One important note, the workload is heavy on writing data but does not generate a lot of read activities. Please take this in account as this will very differ in a real-life scenario.


In an environment where resources are shared, it is always important to reduce the impact on the components. MCSIO allows to leverage the fast memory which will reduce the storage load.

This research proofs the benefits of MCSIO as there is a great reduction in the load on the storage system. Even with the default configuration, which is using a 256MB with a 10GB overflow disk, there is already a big advantage. In our particular frame of reference, the larger the memory cache, the less there has to be written to disk. In theory even, if you size the cache large enough you can reduce the write activities to zero.

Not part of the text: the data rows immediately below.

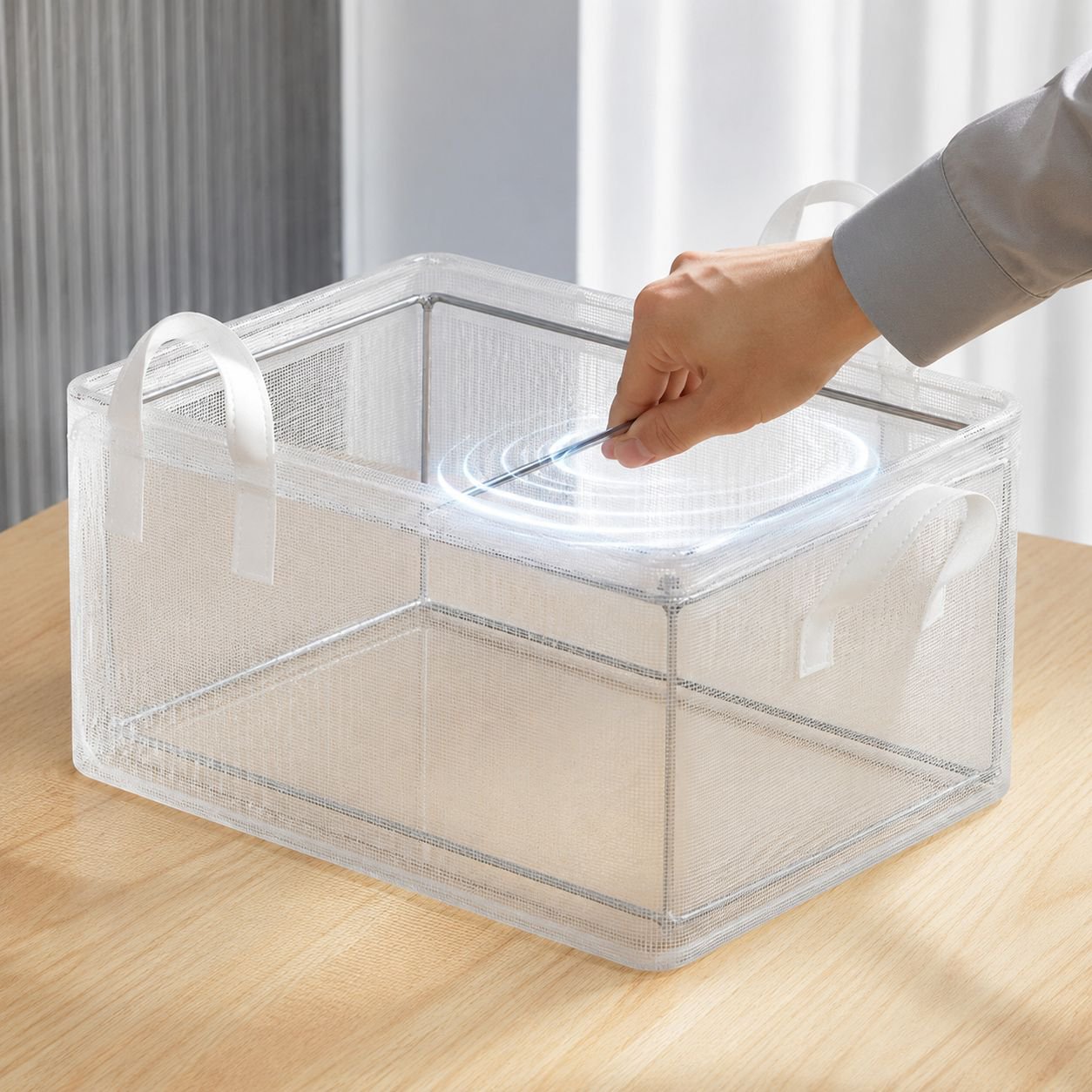 Stackable clear clothing organizer in a modern closet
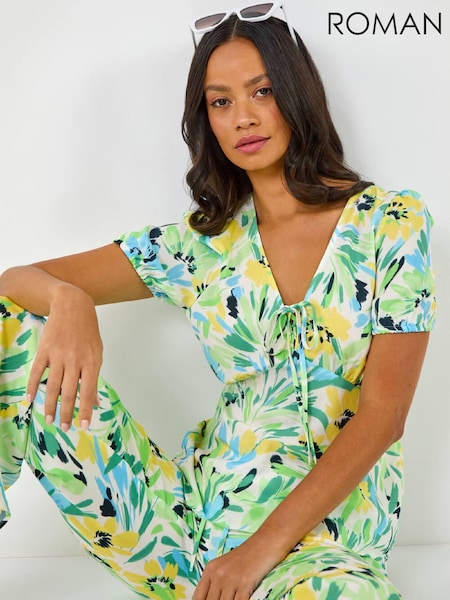 Roman White Floral Motif Tie Shirt (G66374) | 247 QAR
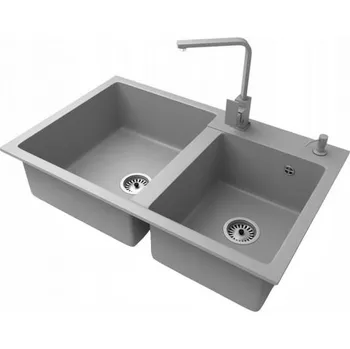 Granitový dřez Granitový dřez HEKTOR + baterie NOOK ŠEDÁ 80 x 50 x 19cm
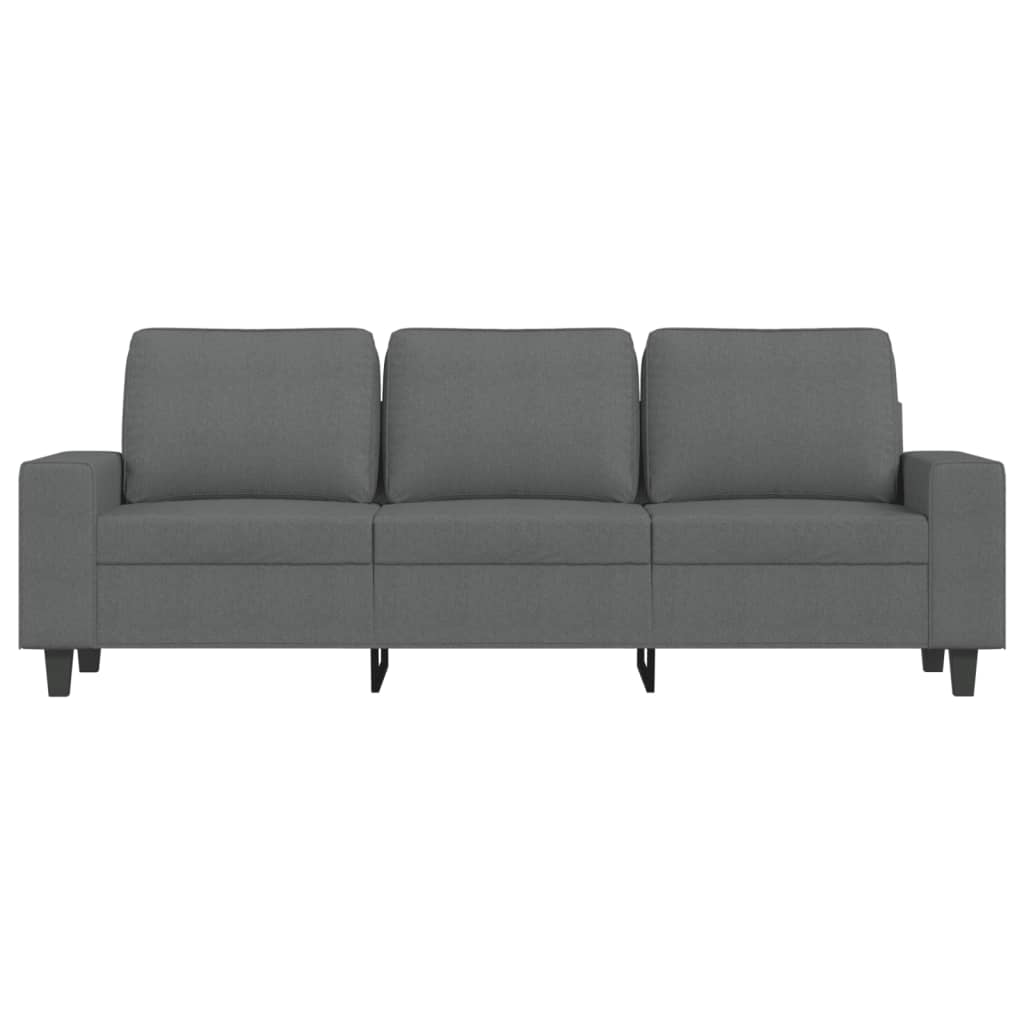 Sofá de 3 lugares com apoio de pés 180 cm tecido cinza-escuro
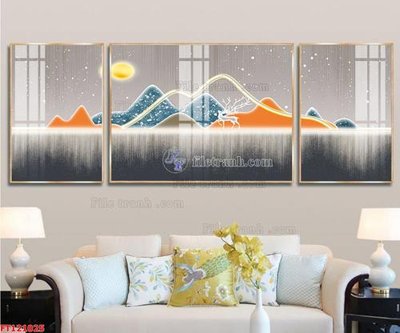 File gốc File tranh bộ hiện đại FT121025 (in lụa) chi tiết cao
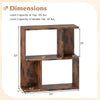 Rustic brown 3-tier bookshelf with display shelf, measuring 22"x20"x10", ideal for small spaces and versatile use.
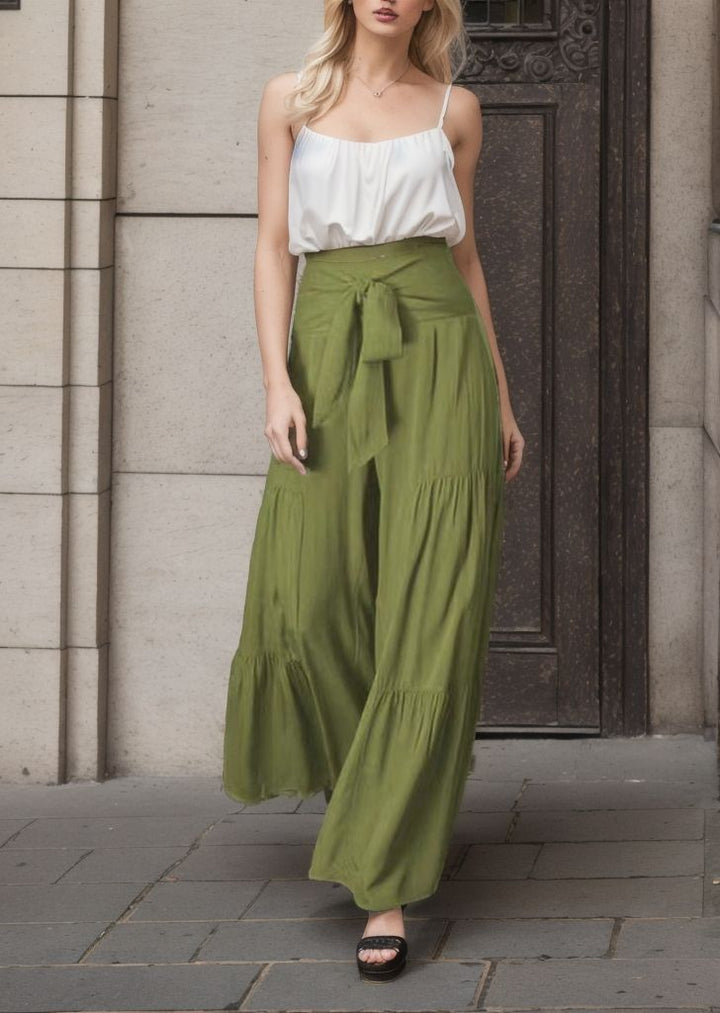 Loose summer pants for women with elastic waist and side drawstring Lune London
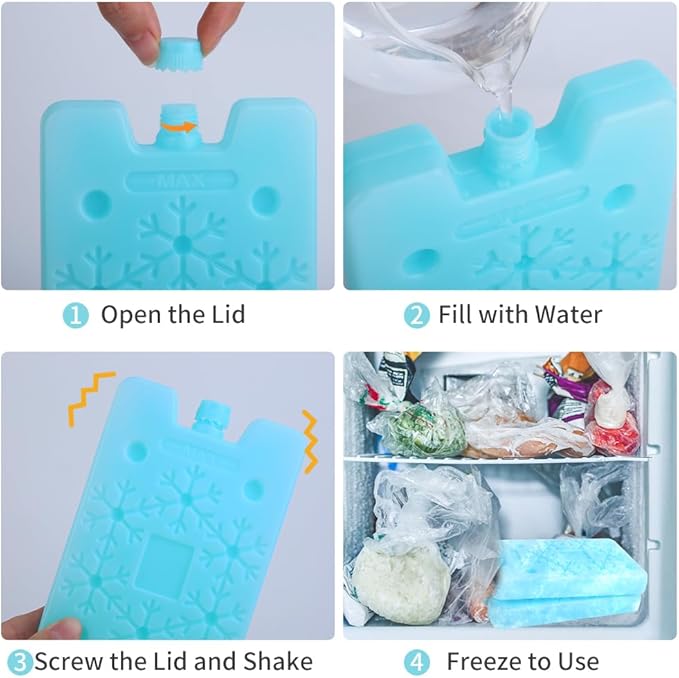 Bodaon Ice Packs for Lunch Boxes, Lunch Cooler Bag, Reusable Small Lunch Box Ice Pack for Cooler, Lunchbox Accessories, Lunch Bag Freezer Long Cold Blue Ice Packs Blocks for Coolers, Kids, Adults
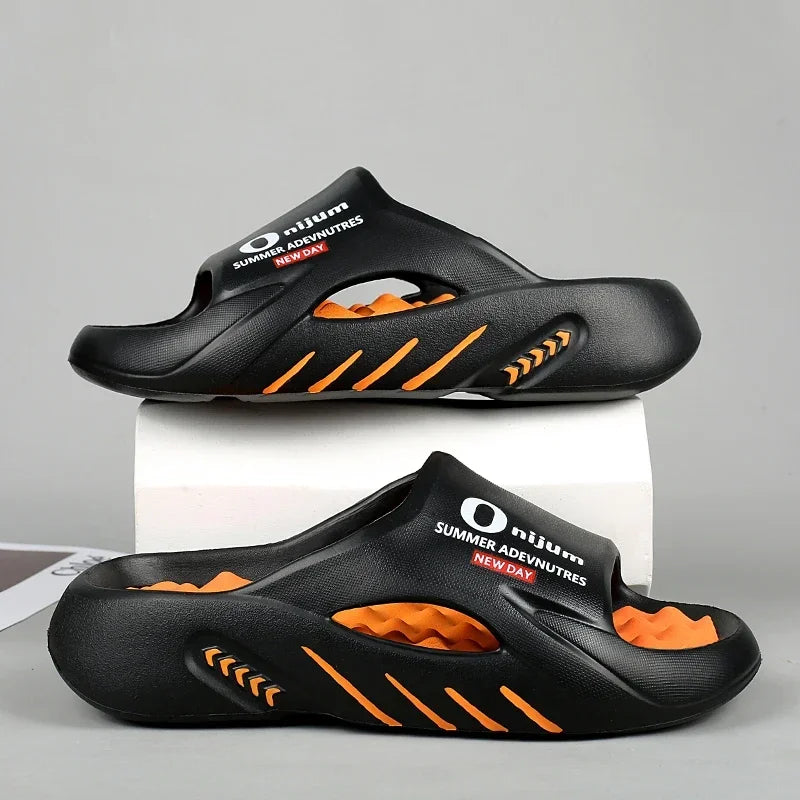 2025 New Men Massage Slippers Slides Indoor Outdoor Sandals Beach Casual Shoes Comfortable Sole Men'S Slippers Big Size 38-47
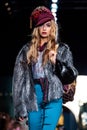 Model walk runway for IGOR GULYAEV catwalk at Fall-Winter 2017-2018 at Mercedes-Benz Fashion Week Russia. Royalty Free Stock Photo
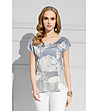Дамска блуза в цвят екрю и сиво с флорален принт -0 снимка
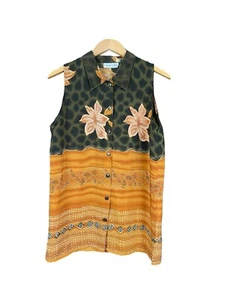 Marla Kim Olive Green & Rust Top Women Size Large Sleeveless Button Down Vintage - Picture 1 of 11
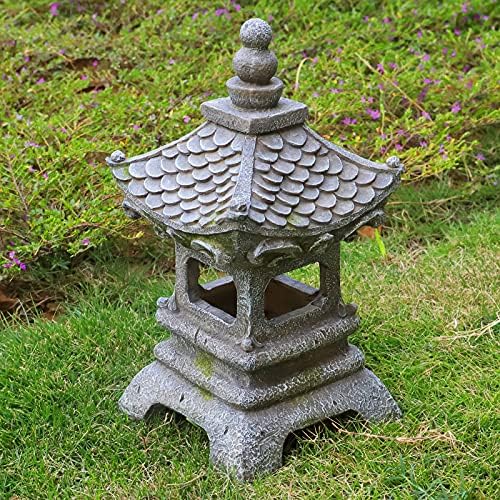 Aloak Asian Solar Zen Pagoda Garden Statue 14 Inch, Outdoor Japanese Lamp Lantern For Home Garden Landscape D  Cor (14 Inch Pago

There is a clear difference when looking from a hypervisor or VM perspective. When validating the use of MCSIO it is important to take a look at the specific metrics that are available in the VM.

Even when having very fast storage in place, there is still a benefit using MCSIO as it reduces the storage load. Additionally, as the overflow disk is persistent, it does provide the opportunity to leverage this to store persistent data. It is important to keep the growth of the overflow disk in mind to avoid running out of storage capacity. Another important factor to take into account is the memory allocated for the cache. This memory is claimed by the MCSIO driver and will not be available for the operating system. It is important to have enough memory resources available.

Please take into account this is a simulated scenario and results may vary in production. Therefore, it is highly recommended to monitor the actual MCSIO usage, as our conclusion may be different in a production environment.